The use of legal discrimination against blacks and women went on throughout history.  ∙ Scott v. Sanford(1857) 

1865-1877 Reconstruction – an effort to improve the post-bellum South

1. Congress passed the reconstruction Act  

2. Established the Freedom's Bureau

3. 13th,14th, & 15th Amendments  

13th Amendment – abolished slavery

14th Amendment- granted citizenship to all people born in the U.S. , including freed  slaves

15th Amendment- guaranteed voting rights for black men

End of Reconstruction- Reconstruction reverses  

After Reconstruction- full citizenship of blacks were shattered

∙ U.S. laissez-faire policy

∙ Plessy v. Ferguson (1896) 

Jim Crow Laws were created which caused mas mob violence, murders, lynching, & second class  citizenship.

Brown v. Board of Education (1954) 

The use of separate but equal became not allowed in public education.  

De jure- means literally by law or legally enforced

De facto- means by fact , where races were still segregated even though the law didn’t require  so.  

Equality through Law 

The Civil Rights Act of 1964 – granted Hispanic Americans and farm workers migrant workers'  rights.
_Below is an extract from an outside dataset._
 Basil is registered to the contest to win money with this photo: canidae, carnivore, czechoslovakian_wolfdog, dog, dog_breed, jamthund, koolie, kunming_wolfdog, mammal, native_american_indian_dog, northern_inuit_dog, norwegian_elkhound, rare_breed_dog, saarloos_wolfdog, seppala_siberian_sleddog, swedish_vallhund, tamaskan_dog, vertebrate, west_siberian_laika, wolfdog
Later on in 1924, Native Americans were granted citizenship

The Voting Rights of 1965 – allowed federal agents to oversee voter registration  

Civil Rights : Blacks and Women 

∙ Most rights were mostly limited to white males , but white women had significantly more rights  than black men and black women

∙ "Naked Rights"- white women had rights through their fathers, husbands, or trustees.  

Asian Americans 

∙ 1877- Congress declares Chinese ineligible for citizenship

∙ 1882- Chinese Exclusion Act , Japanese Internment

∙ President's Ronald Reagan and George Bush authorized reparation payments to survivors and  descendants

Disabled Americans 

∙ 1973 Rehabilitation Act – outlawed discrimination against people with disabilities ∙ Americans with Disabilities Act of 1990 – guarantees equal employment, housing, health care,  etc.